**WHAT THE EXERCISE ASKS:** Write out exactly the lines from the one containing "Boston Celtics' Semi" through the last line of the records below, both included, and leave out any pictures.

**Saved data entries:**
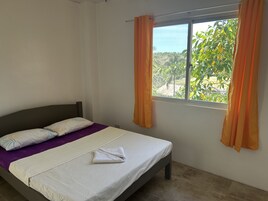 Una cama individual con cabecera, una ventana con cortinas y vistas al exterior.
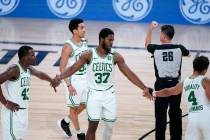 Boston Celtics' Semi Ojeleye (37) is congratulated by teammates Javonte Green and Carsen Edward ...
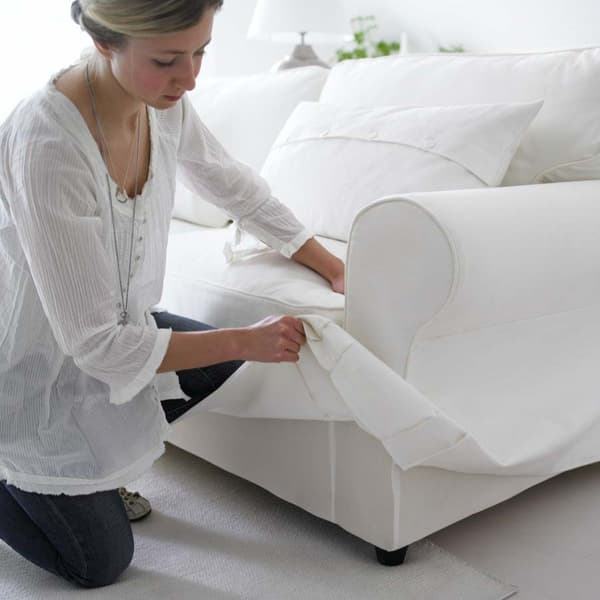 Eine Frau wechselt den Bezug an einem EKTORP Sofa. 
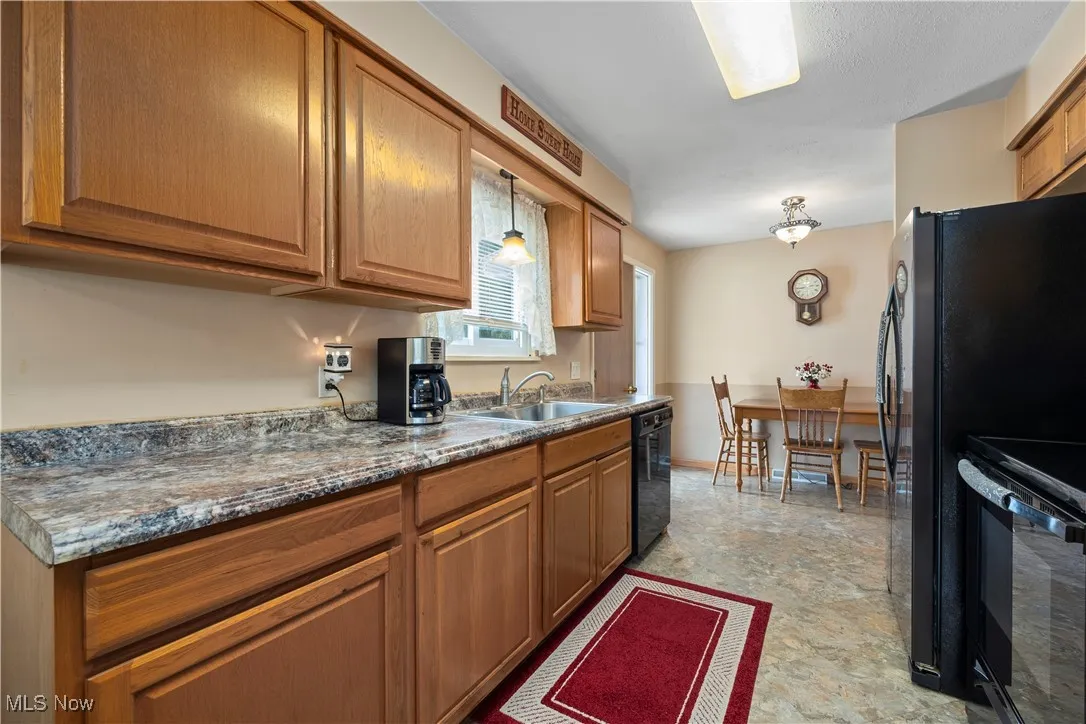 Kitchen with brown cabinetry, black appliances, stone finish flooring, and hanging light fixtures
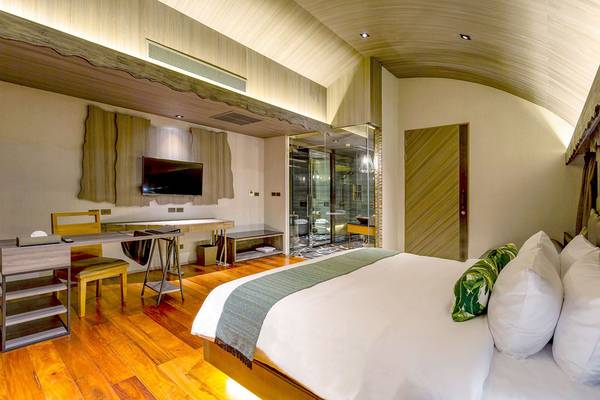 Innenansicht des Schlafzimmers im Kalima Resort & Villas Khao Lak mit Holzboden, Fernseher, Schreibtisch und Badezimmer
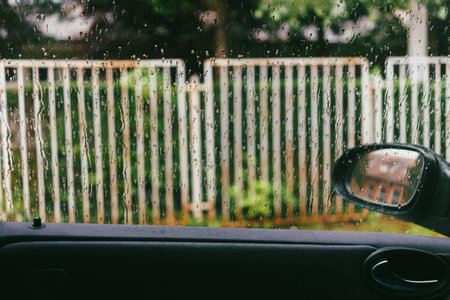 View from the car while it's raining, details of the interior and windows.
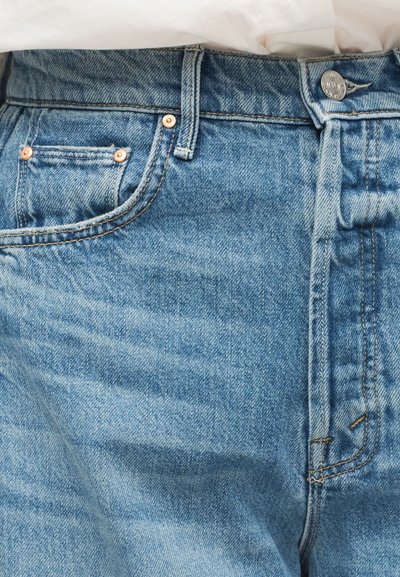 Φωτεινά μπλε τζιν με κλασικό σχέδιο, πέντε τσέπες, χάλκινες κουμπιά και αντίθετη ραφή. Μαλακή υφή με ελαφριά ξεθώριασμα.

**ANSWER SPACE:**
 Boston Celtics' Semi Ojeleye (37) is congratulated by teammates Javonte Green and Carsen Edward ...
 Eine Frau wechselt den Bezug an einem EKTORP Sofa. 
 Kitchen with brown cabinetry, black appliances, stone finish flooring, and hanging light fixtures
 Innenansicht des Schlafzimmers im Kalima Resort & Villas Khao Lak mit Holzboden, Fernseher, Schreibtisch und Badezimmer
 View from the car while it's raining, details of the interior and windows.
 Φωτεινά μπλε τζιν με κλασικό σχέδιο, πέντε τσέπες, χάλκινες κουμπιά και αντίθετη ραφή. Μαλακή υφή με ελαφριά ξεθώριασμα.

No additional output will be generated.